***** RECORDS SHOWN
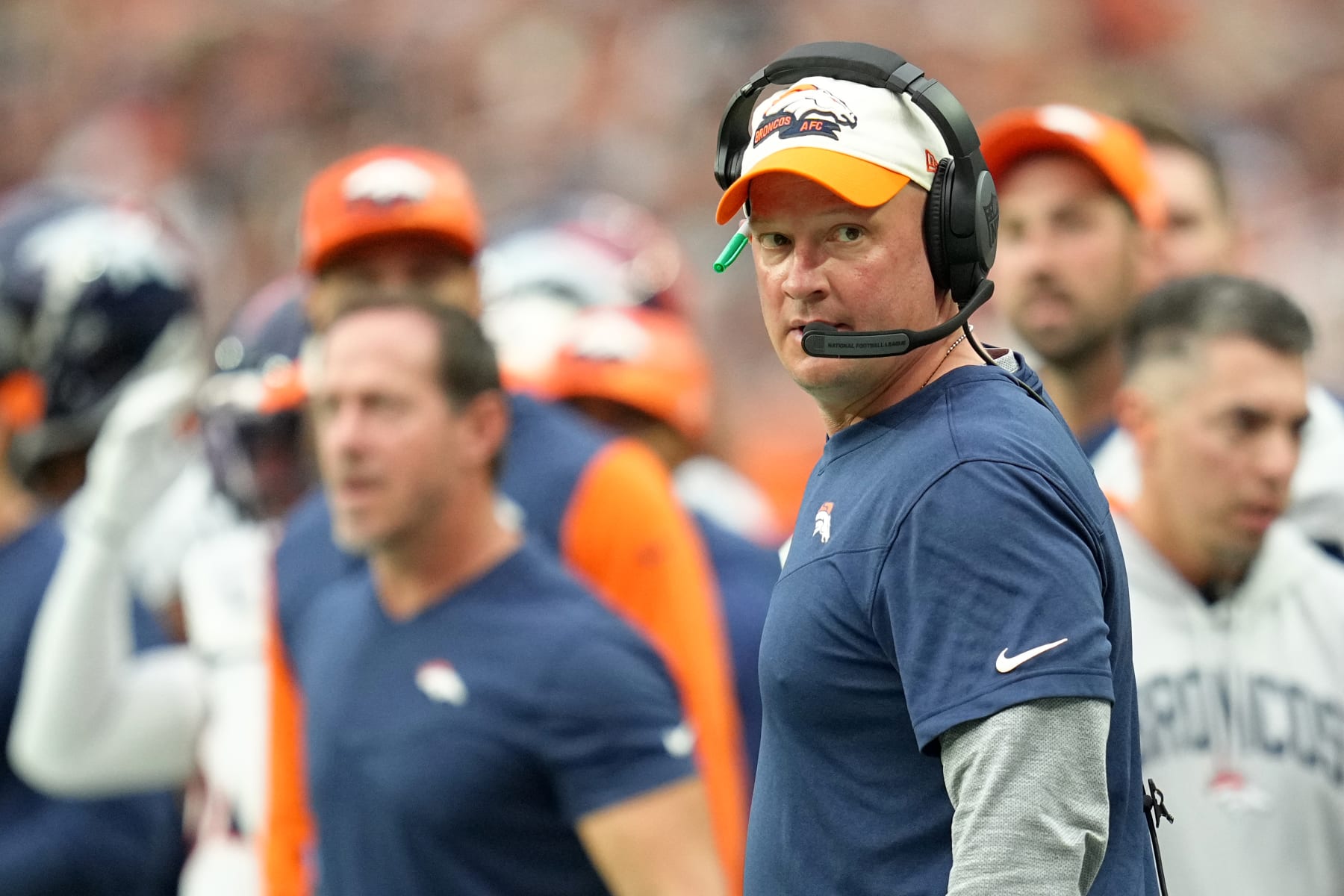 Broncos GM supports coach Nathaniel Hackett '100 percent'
**********
***** RECORDS SHOWN
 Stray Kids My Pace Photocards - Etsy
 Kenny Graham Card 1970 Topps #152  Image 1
**********
_DIRECTIONS_
Working from the material above, retype exactly the lines from the one with "Stray Kids My Pace Photocards - Etsy" through the one with "Kenny Graham Card", both included, and only those lines.

_RESULT_
 Stray Kids My Pace Photocards - Etsy
 Kenny Graham Card 1970 Topps #152  Image 1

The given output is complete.